Exploring Categorical Data

Descriptive Statistics

  • distribution (histogram)
  • central tendency (mean, median, mode)
  • variability (range, standard deviation, variance, interquartile range – IQR)

Data

We will be working with the same US demographic data for our exploratory analyses.

You can download the csv file and add it to your RStudio (or Posit Cloud) project if you have not done that yet.

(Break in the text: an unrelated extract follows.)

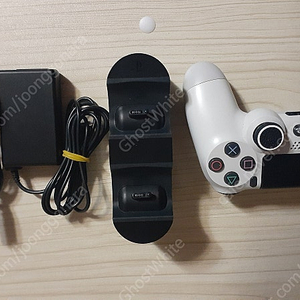 ps4용 정품 신형 듀얼쇼크4 화이트와 소니 정품 충전거치대 판매합니다.
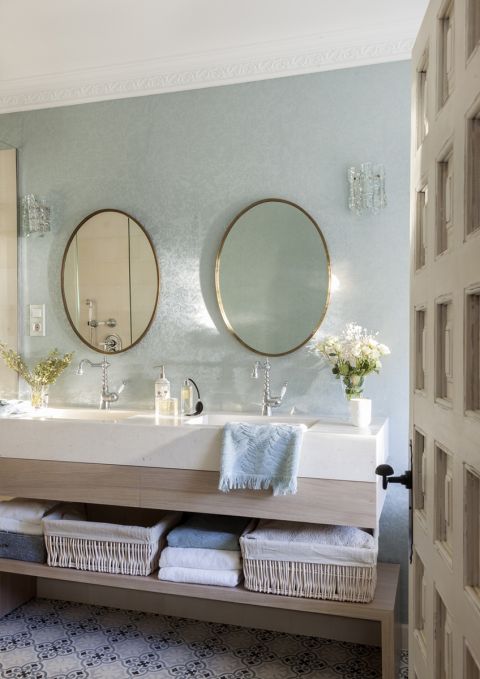 jak odmienić łazienkę dodatkami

Create a new R script file and save it as county-categorical-data-analysis.R and load the tidyverse package and the data.

library(tidyverse)
county <- read_csv("data/county.csv")

Distribution – adding categorical variable

Histogram: the frequency distribution of a continuous variable across different groups

county |>
  ggplot(aes(x = unemployment_rate)) + 
  geom_histogram() +
  facet_wrap(~median_edu)

Inspect categorical variable

county |>
  count(median_edu)

Distribution – with filtered data

county |>
  filter(median_edu != "below_hs",
         !is.na(median_edu)) |>
  ggplot(aes(x = unemployment_rate)) + 
  geom_histogram() +
  facet_wrap(~median_edu)

Measures of Central Tendency

Mean and median – add group_by with categorical variable

county |>
  group_by(median_edu) |>
  summarize(mean = mean(unemployment_rate, na.rm = TRUE),
            median = median(unemployment_rate, na.rm = TRUE))

Variability

Range, standard deviation – add group_by with categorical variable

county |>
  group_by(median_edu) |>
  summarize(min = min(unemployment_rate, na.rm = TRUE),
            max = max(unemployment_rate, na.rm = TRUE),
            sd = sd(unemployment_rate, na.rm = TRUE)) |>
  mutate(range = max - min)

Variability – Box plot (IQR)

county |>
  ggplot(aes(y = unemployment_rate,
             x = median_edu)) +
  geom_boxplot()